Afraid of Franchise Failure? Avoid Doing These When Franchising Your Business

Franchising your business is one of the easiest and most efficient ways to expand your business nationwide. Most local business owners prefer this way to make their local business national. But well, there’re a few things you should consider before franchising your brand. It may allow others to run their businesses under your brand, still, you should ensure that your brand is ready for it.

Franchising is easy when you’ve considered all the facts. Yet, the failure rate for franchising is as high as 50% and as low as 20%. Thus, you must ensure that you aren’t making any mistakes when you are planning to franchise your brand.
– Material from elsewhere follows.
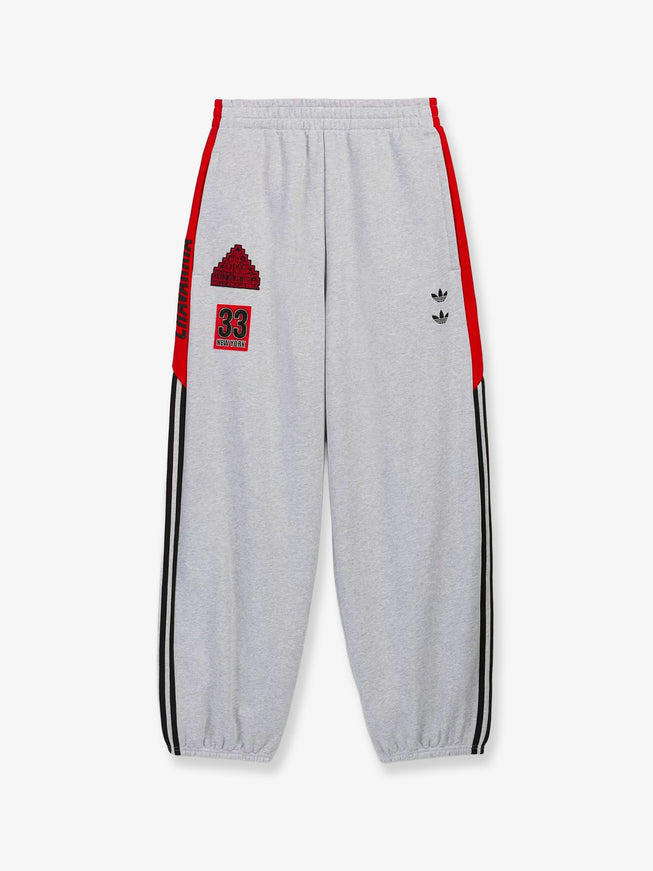 Adidas X Willy Chavarria Cotton Blend Trousers Lgreyh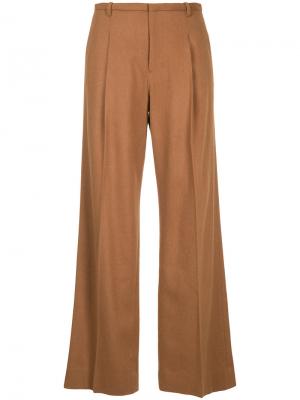 Широкие брюки с высокой талией Estnation. Цвет: коричневый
Wondering how? Let’s discuss the common franchise mistakes in the following article.

What you should avoid when franchising your brand?
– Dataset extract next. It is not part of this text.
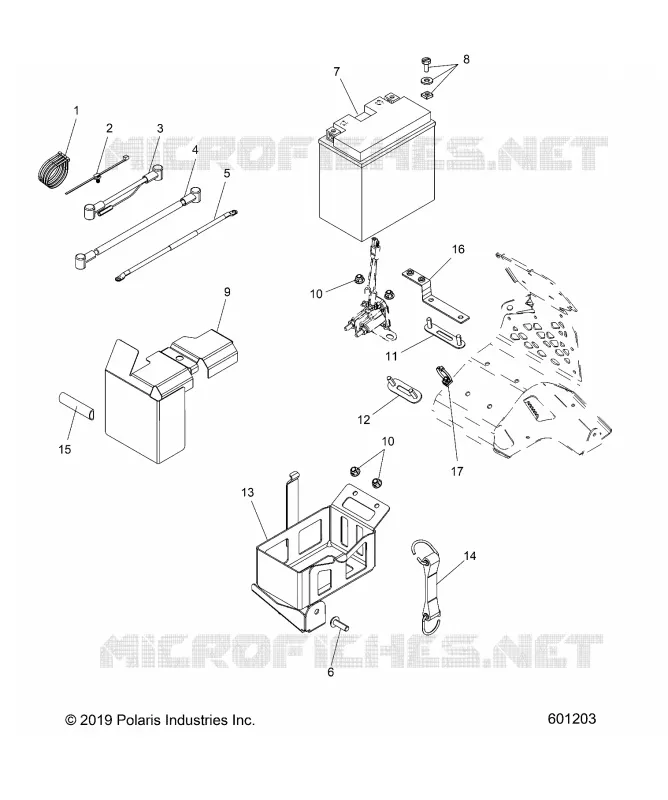 BATTERIE/BOX AND CABLES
Franchising is indeed a great way to expand your brand across the country, but there’re plenty of things you should consider beforehand. Yet, most rookie franchisors fall for these mistakes while franchising their brands. Making the following mistakes can lead to the failure of your franchises,

  1. Most franchisors think that it’s their franchisees’ responsibility to gather the capital for franchises. Well, it’s true. But you’ll also need sufficient capital to franchise the brand. You will have to support and train your franchisees to help them learn more about your brand. Hence, starting a franchise model without sufficient funding is a grave mistake.
  2. If you’re planning to draft the Franchise Disclosure Document (FDD), Franchise Agreement (FA) and Operations Manual (OM) yourself, then it’d be a mistake. As per the latest federal and state law, you can’t sell your franchises to someone without these. Hence, it’s a must to hire a proficient franchise lawyer to draft your franchise-related legal paper.
  3. If you’ve got other franchisees, you must ensure that they’re happy working with you. Ask them how they’re doing and if they need any support from you. Most franchisees look for this aspect when investing in a local brand. Also, doing this can strengthen the franchisor-franchisees relationship and make your brand popular. Not considering your past franchise partner can lead to failure.
  4. Thinking that your franchise model can survive anywhere you want can be a huge mistake. Your local brand may have a huge popularity within your community, but it doesn’t mean that they’ve got the same everywhere. You should check if your local brand is that popular outside your community or not. If not, then you must focus on your brand marketing and process before franchising it. Also, consider that the areas you’re choosing for franchises have equal demand for your brand.
  5. Profitability is also a vital factor for franchising your brand. If the profit of your local brand isn’t that great, you shouldn’t think of franchising it. ‘Potential’ franchisees would usually like to invest in a profitable business model. Hence, it’s a must.
  6. If you think that anyone can run your franchises, you’re wrong. Hiring the right people is a must when franchising your local business. Even though your friends or family members look promising or encouraging, it doesn’t mean that they’re fit to run the franchise model. Ensure to hire people who don’t only think about getting richer but are also interested in growing with you.
  7. Last, ensure that your business model is replicable and understandable by the franchisees. If it can’t be run by others, then you should never go after franchising it. Ensure that your business model is scalable and can be run even without your presence. You should consult with an adept consultant for this if needed.

Final thought,

Franchising your business may seem easy, but it isn’t. There’re tonnes of things that you should consider before expanding your local brand nationwide. Without that, you can risk your franchise model to fail. We hope this blog post can help you avoid making those mistakes beforehand.